Reputation: 27
UPDATE
*I have reinstalled tesseract into my 'program files (x86)' folder and now when I run tesseract --version
it responds with the version rather than saying it isn't recognized as a cmdlet
*
This seems to be a pretty common problem and have been trying different ways to make this program work. I know there are a lot of existing questions similar to mine but since none of the methods I have found work, I am hoping to get some fresh ideas.
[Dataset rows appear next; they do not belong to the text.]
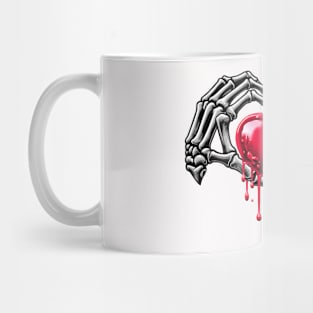 Skeleton Hand Heart Valentines Day Halloween Funny Bones Men Mug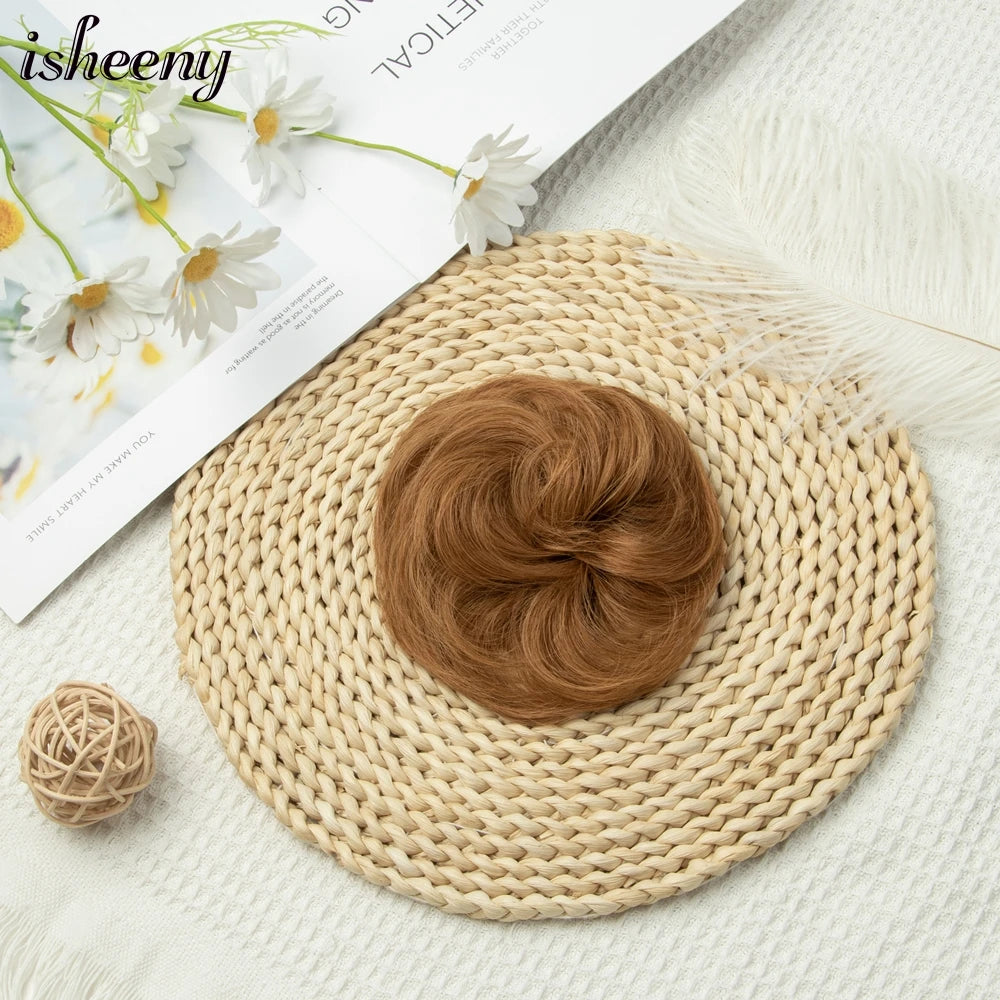 Messy Bun Hair Piece Natural Curly Updo Extension with Elastic Band Ponytail Bun for Women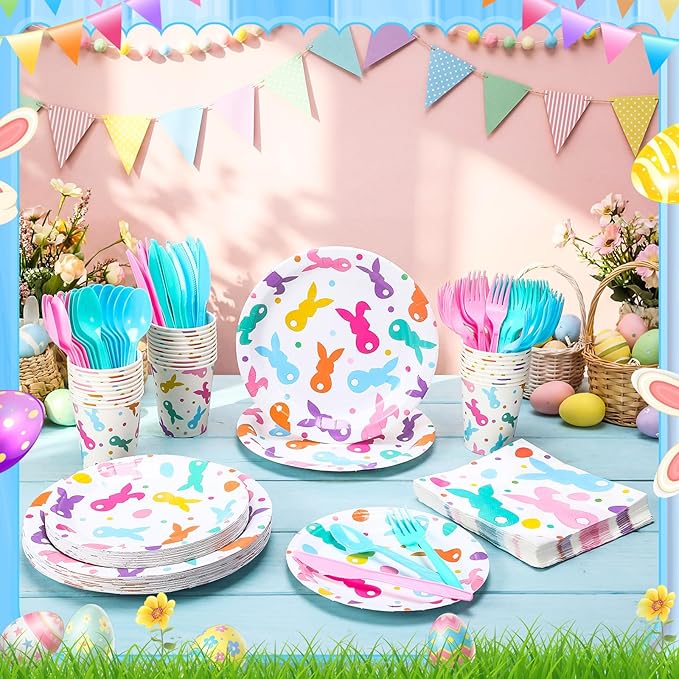 Honeydak 210 Pcs Easter Plates and Napkins Serve 30 Pastel Colorful Bunny 7" and 9" Rabbit Plates Napkins and Forks Tableware for Spring Holiday Easter Party Table Decor Supplies
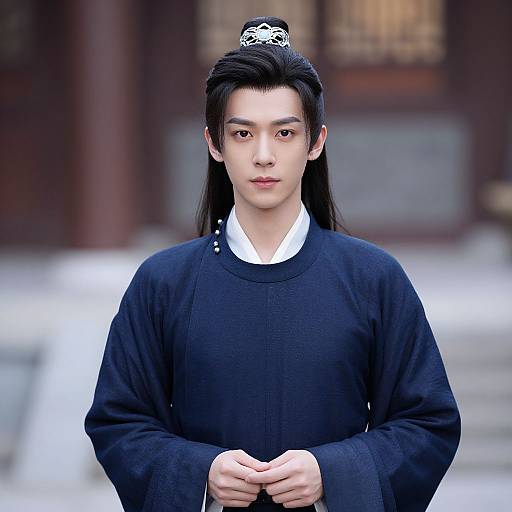 Realistic Portrait of Male in Chinese Costume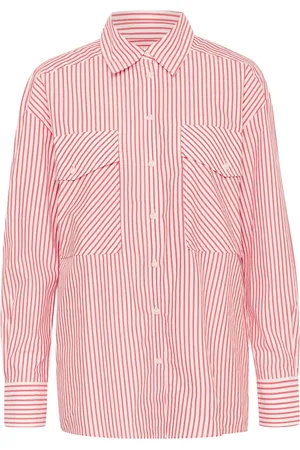 Part Two Blouses & Shirts, Dames, Rood, L, Katoen, Oversized Rood Gestreept Shirt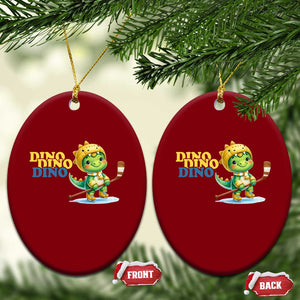Funny Dinosaur Playing Ice Hockey Ceramic Ornament Gift For Dino Lovers TS12 Print Your Wear
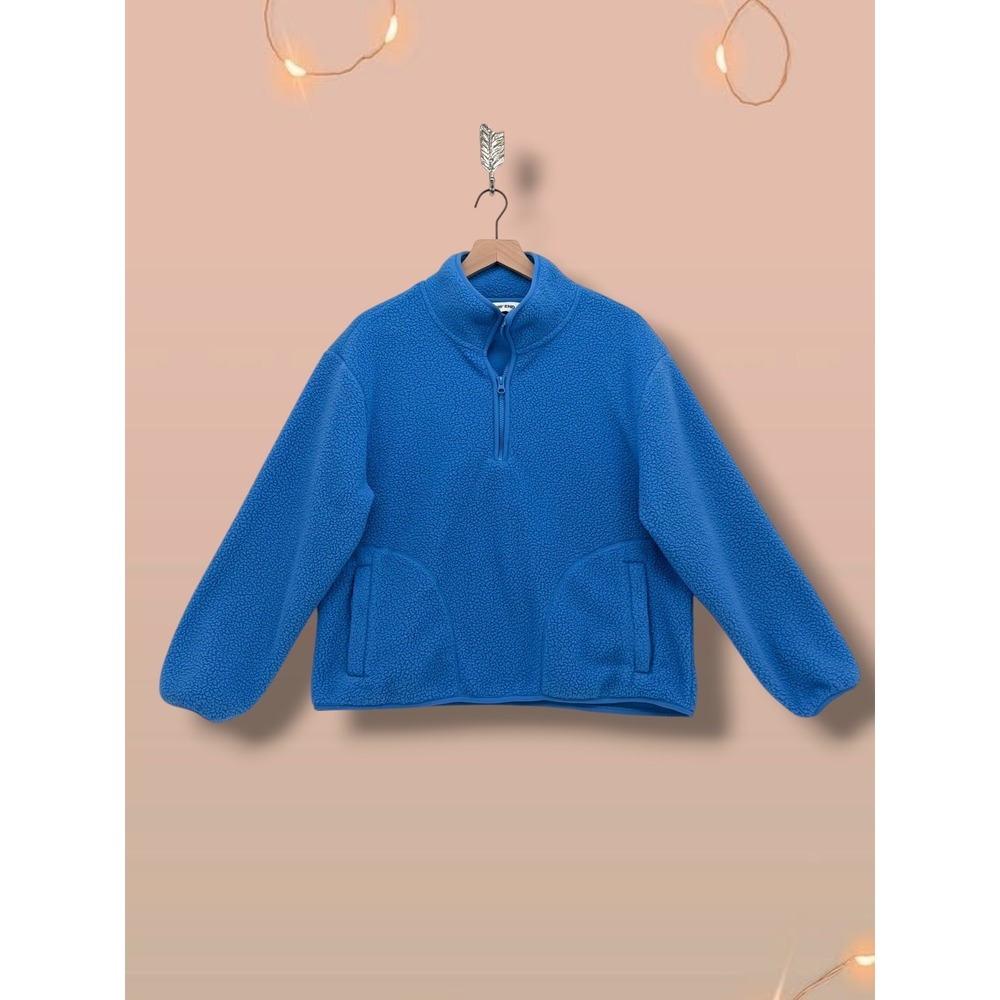 Lands' End Sherpa Fleece Quarter Zip Pullover Blue Size M 10-12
TIA
HERE IS THE EXACT ERROR MESSAGE:
"pytesseract.pytesseract.TesseractError: (1, 'Error opening data file C:\Program Files (x86)\Tesseract-OCR\tessdata/eng.traineddata Please make sure the TESSDATA_PREFIX environment variable is set to the parent directory of your "tessdata" directory. Failed loading language 'eng' Tesseract couldn't load any languages! Could not initialize tesseract.')"
AND HERE IS THE CODE I CURRENTLY AM USING:
from pdf2image import convert_from_path
import pytesseract
images = convert_from_path("CHECK_12-01-22.pdf", 500, poppler_path=r'C:\Program Files\poppler-23.01.0\Library\bin')
for i, image in enumerate(images):
fname = 'image' + str(i) + '.png'
image.save(fname, "PNG")
pytesseract.pytesseract.tesseract_cmd = r'C:\Program Files\Tesseract-OCR\tesseract.exe'
text = pytesseract.image_to_string(image, lang='eng')
# text = pytesseract.image_to_string(image, lang='eng', config='--tessdata-dir "C:\\Program Files\\Tesseract-OCR\\tessdata"')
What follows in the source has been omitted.